El resultado de la votación de la militancia de la CUP sobre los presupuestos es fruto de los frágiles equilibrios internos que siempre ha atravesado la formación desde aquella lejana asamblea de hace nueve años en la que aprobaron concurrir a las elecciones al Parlament. Presentar una enmienda a la totalidad y, a la vez, dejar la puerta abierta a una negociación posterior (que solo será posible si alguna otra formación se abstuviera, básicamente el PSC o los comuns) o forzar unas negociaciones agónicas hasta el próximo lunes para retirarla en el último momento es de una sofisticación política solo apta para expertos en la materia. Los cupólogos, como antes los kremlinólogos, son los únicos capaces de captar con todos sus matices un mensaje político aparentemente tan contradictorio. La conclusión, sin embargo, es solo una: más allá de la letra pequeña de los presupuestos, la CUP se siente incómoda con el rumbo del actual Govern, y una mayoría más o menos amplia opta ahora por saltar del barco.

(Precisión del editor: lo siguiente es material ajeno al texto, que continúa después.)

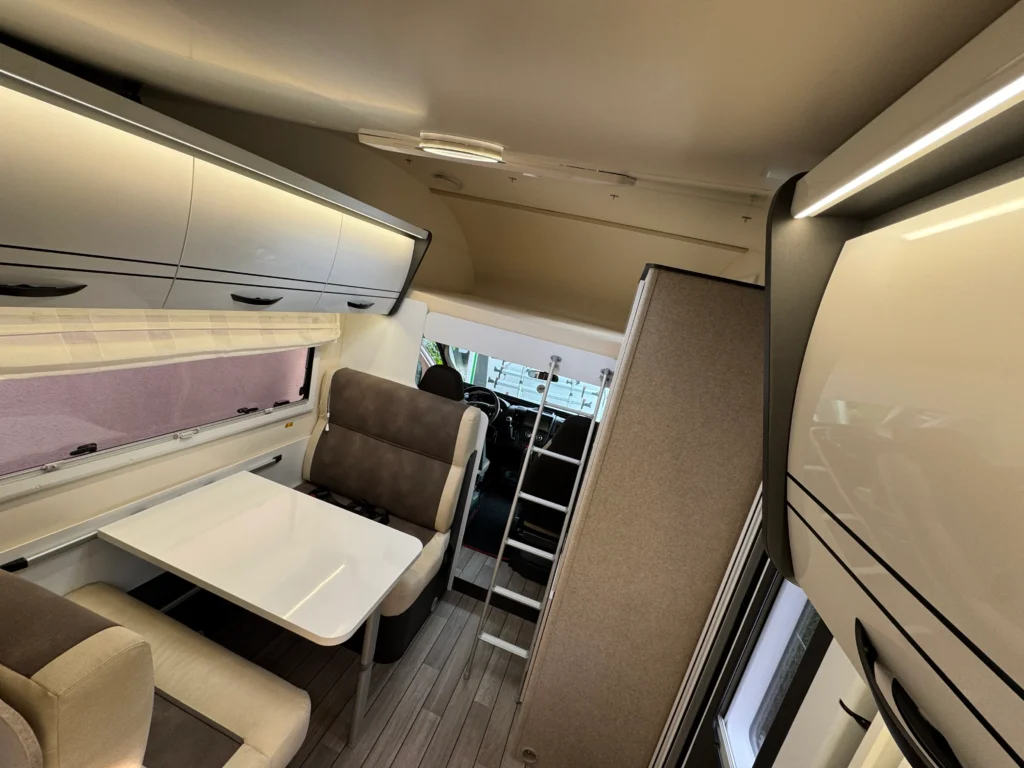 Interiér obytného auta s moderním designem a pohodlným posezením. Ideální pro cestování a odpočinek.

La apuesta por el pragmatismo que parecía preludiar la negociación exprés de la investidura de Pere Aragonès ha tenido un recorrido más bien corto. Y de lo que parecía una legislatura de transición, con un gobierno independentista (ERC-Junts con apoyo de la CUP) que dialogaba/negociaba con el gobierno español de PSOE-Unidas Podemos desde una posición de no dependencia parlamentaria, ahora podemos pasar a una nueva etapa de dependencias cruzadas. Curiosamente, si se acaba confirmando el paso de la CUP a la oposición, la política catalana entrará en una nueva fase de aceleración, pero en este caso no hacia el choque con el Estado sino más bien a una mayor colaboración forzada por las necesidades de los respectivos ejecutivos. Las decisiones de la CUP, de una manera u otra, siempre acaban moviendo el tablero general.
El oráculo de Waterloo
Para ERC y Junts es una muy mala noticia, puesto que esto altera completamente sus planes y su discurso. Pero, mientras que para los primeros se trata solo de una cuestión táctica (no quieren depender del PSC en Barcelona para poder tener más fuerza negociadora en Madrid), en el caso de Junts afecta a uno de los pilares básicos de su discurso: el de no colaboración con los socialistas (con la excepción conocida de la Diputación de Barcelona). Si Jordi Sànchez había conseguido mantener también una frágil unidad entre el sector pragmático proveniente de la antigua CiU y el irredento (Laura Borràs y Quim Torra, en su caso desde fuera), ahora habrá que volver a poner la vista en el oráculo de Waterloo y escuchar a Carles Puigdemont para que decante la balanza. Da la impresión de que la estrategia de ERC puede soportar un pacto de presupuestos con el PSC, pero esto no está tan claro en el caso de Junts.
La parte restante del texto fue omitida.